With this platform in hand, we were confident to generate enough data for METIS to optimize the CETCH cycle. After testing 625 conditions during five iterative rounds, we improved the cycle more than ten-fold compared to the already manually optimized version published in 20166. Testing another 375 conditions allowed for the optimization of efficiency. To achieve this, we transformed our data from the first five rounds by dividing the glycolate yield (CETCH output/product) by the amount of enzymes used and performed three additional rounds. For the identification of bottlenecks, we used METIS modules as we used for the gene circuits optimization. The most unexpected outcome was the negative impact on pathway performance by elevated concentrations of 4-hydroxybutyryl-CoA synthetase (Hbs). As increased enzyme concentrations usually lead to increased flux, an opposite behavior hints towards some interference with the pathway, most likely due to side reactivity. Such information can be extremely valuable for in vivo implementation, where testing different conditions is much more time-, cost-, and labor-intensive.

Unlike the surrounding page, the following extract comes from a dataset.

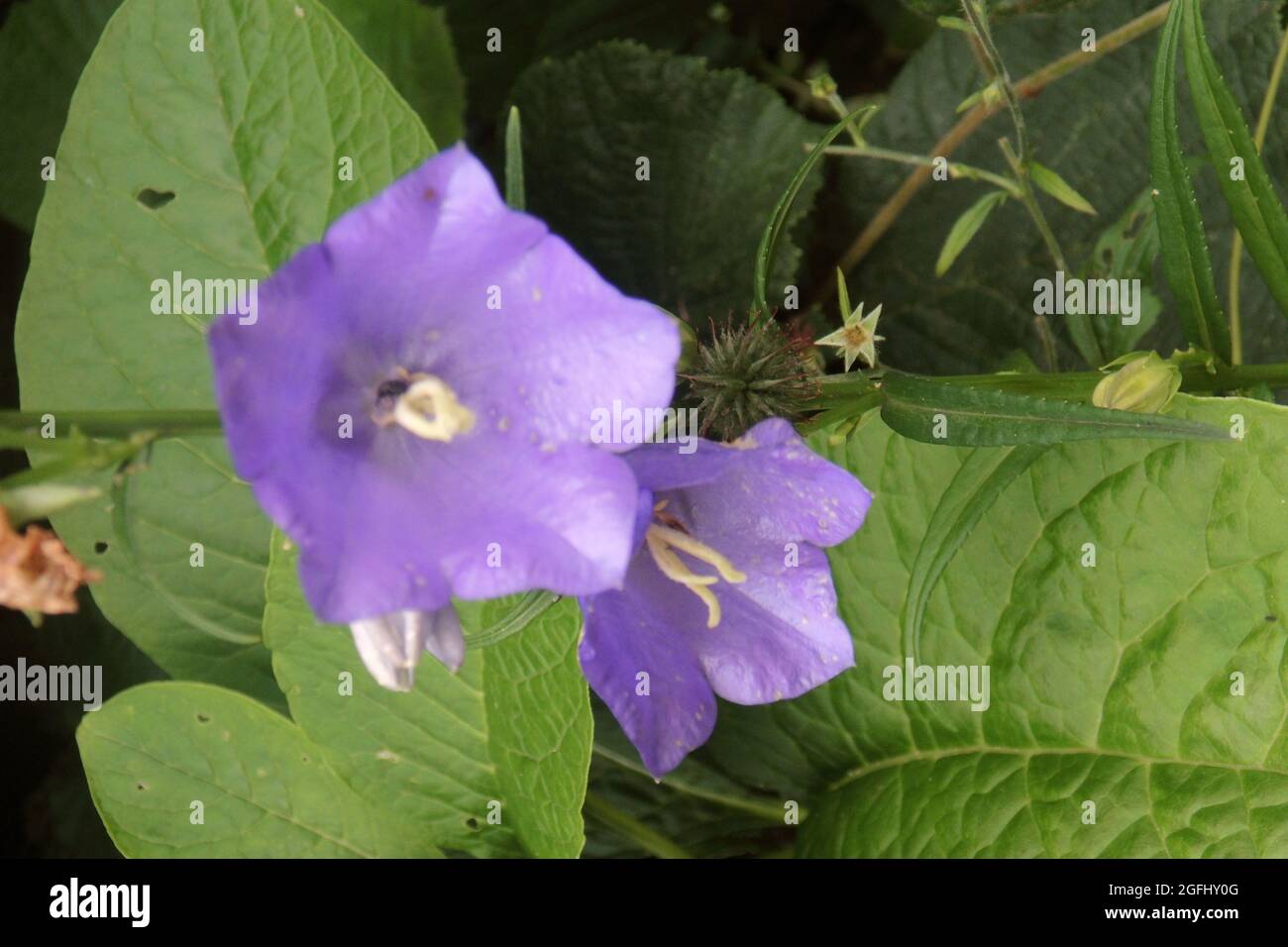 Nahnahe schöne lila Blumenblüten mit Regentropfen Stockfoto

Conclusively, this effort led to the establishment of a very powerful and universal pathway optimization workflow by combining METIS with a liquid handler. This opens doors for the future prototyping of new pathways by solely measuring the final product, without requiring intermediate detection to reveal bottlenecks, as applies in the manual optimization6. All this information will ultimately help to gain faster insight into new-to-nature pathways and pave the way for their transplantation into cells.
- Borkowski, O. et al. Large scale active-learning-guided exploration for in vitro protein production optimization. Nat. Commun. 11, 1872 (2020).
- Marchisio, M. A. & Stelling, J. Computational design tools for synthetic biology. Current Opinion in Biotechnology vol. 20 479–485 (2009).
- Greco, F. V., Pandi, A., Erb, T. J., Grierson, C. S. & Gorochowski, T. E. Harnessing the central dogma for stringent multi-level control of gene expression. Nat. Commun. 12, 1738 (2021).
- Nattermann, M. et al. Engineering a Highly Efficient Carboligase for Synthetic One-Carbon Metabolism. ACS Catalysis vol. 11 5396–5404 (2021).
- Matsuura, T., Kazuta, Y., Aita, T., Adachi, J. & Yomo, T. Quantifying epistatic interactions among the components constituting the protein translation system. Mol. Syst. Biol. 5, 297 (2009).
- Schwander, T., Schada von Borzyskowski, L., Burgener, S., Cortina, N. S. & Erb, T. J. A synthetic pathway for the fixation of carbon dioxide in vitro. Science 354, 900–904 (2016).